Replacer les compositrices et compositeurs vivant·e·s au cœur des institutions symphoniques
- Communiqué
- mardi 29 juin 2021
Le SMC publie un rapport s’appuyant sur une large enquête qui décrit les grandes tendances de programmation de douze orchestres majeurs du paysage symphonique français sur la période 2017–2020 et qui vise notamment à faire entendre la voix des compositrices et des compositeurs vivant·e·s auprès de la mission relative au secteur symphonique permanent menée par Anne Poursin et Jérôme Thiébaux. Huit grandes préconisations concluent ce rapport et proposent des solutions pour améliorer la place de la musique contemporaine et de ses acteurs au cœur du projet des institutions symphoniques.
L’orchestre est une institution majeure du paysage culturel et constitue pour la compositrice ou le compositeur un outil essentiel à l’épanouissement de son art. Si le concert symphonique était jadis une place forte de la création, force est de constater que désormais, orchestre et compositrices-compositeurs n’entretiennent plus la même proximité qu’auparavant.
Les résultats accablants de l’enquête du SMC montrent que les orchestres jouent, pour l’écrasante majorité de leur répertoire, des œuvres écrites avant 1950.
Seules 2 % des œuvres jouées sont des créations.
Depuis quelques décennies, l’orchestre a diversifié son répertoire : le jazz, la chanson et les musiques de film ont intégré le répertoire orchestral. Ajoutés aux extraits d’opéras, d’opérettes ou les comédies musicales, les genres « non-symphoniques » prennent désormais une place croissante dans la programmation et sont davantage valorisés par des reprises en concert.
A contrario, les musiques symphoniques « traditionnelles », en particulier celles écrites après 1950, semblent de plus en plus menacées de disparition.

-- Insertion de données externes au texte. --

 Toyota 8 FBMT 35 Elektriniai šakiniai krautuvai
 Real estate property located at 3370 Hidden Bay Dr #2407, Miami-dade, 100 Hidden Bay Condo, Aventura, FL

Ni considérée comme un genre à part entière, ni envisagée comme le prolongement des musiques classiques, la musique contemporaine occupe une place bancale dans la programmation et se trouve trop souvent reléguée dans les festivals spécialisés. De plus, elle souffre d’un déficit de promotion, à tel point que lorsqu’elle partage l’affiche avec des œuvres classiques, les œuvres contemporaines ne sont parfois pas mentionnées dans les notes de programme.
Historiquement la composition musicale s’est révélée être une discipline presque exclusivement masculine. Cependant, malgré la volonté de l’ensemble des actrices et acteurs du monde musical de corriger ce déséquilibre, les actes ne suivent pas vraiment :
- moins de 10 % des occurrences d’œuvres écrites après 1950 programmées ont été composées par des compositrices ;
- pire encore, sur douze orchestres et en trois saisons, une seule compositrice de moins de 40 ans a obtenu une commande : ce fait est tout simplement incompréhensible.
Enfin, alors que l’écrasante majorité des chefs-d’œuvre symphoniques reconnus comme tels ont été écrits avant l’âge de 40 ans, les jeunes compositrices et compositeurs ne représentent que 21 % des créations.
Les musiques contemporaines, aux sens de la recherche et de l’expérimentation ne peuvent être placées sur un pied d’égalité avec les musiques soutenues par certaines industries et circuits commerciaux. L’exigence et le temps long qui accompagnent la production d’une partition contemporaine ne peuvent en aucun cas se conformer à des logiques de rentabilité et à la vision à court terme du « marché musical ».
Le rapport du SMC tient à rappeler que pour se renouveler la musique a besoin de créatrices et de créateurs : l’expérience de nouvelles sonorités et la prise de risque artistique doivent être un paramètre à prendre en considération dans les décisions programmatiques.
Pour améliorer la présence de la musique contemporaine et de ses créatrices et créateurs, le SMC préconise notamment :
- de programmer davantage d’œuvres composées après 1950 et de manière équilibrée sur l’ensemble de la saison ;
- programmer plus de créations et ce de manière plus régulière ;
- de valoriser les créations en mettant davantage en avant le travail de la compositrice ou du compositeur dans les notices de programme, en les jouant au moins deux fois par concert et en prévoyant des reprises 3 à 5 ans après les premières ;
- de renforcer les politiques de résidences en s’appuyant sur une convention type de résidence ;
- de porter une attention particulière à la diversité, aussi bien dans la parité entre les compositrices et les compositeurs que dans l’équilibre entre les différentes générations ;
- d’accorder systématiquement le temps de répétition nécessaire pour que chaque œuvre nouvelle soit créée dans les meilleures conditions artistiques possibles ;
- d’engager une réflexion sur la rémunération des commandes.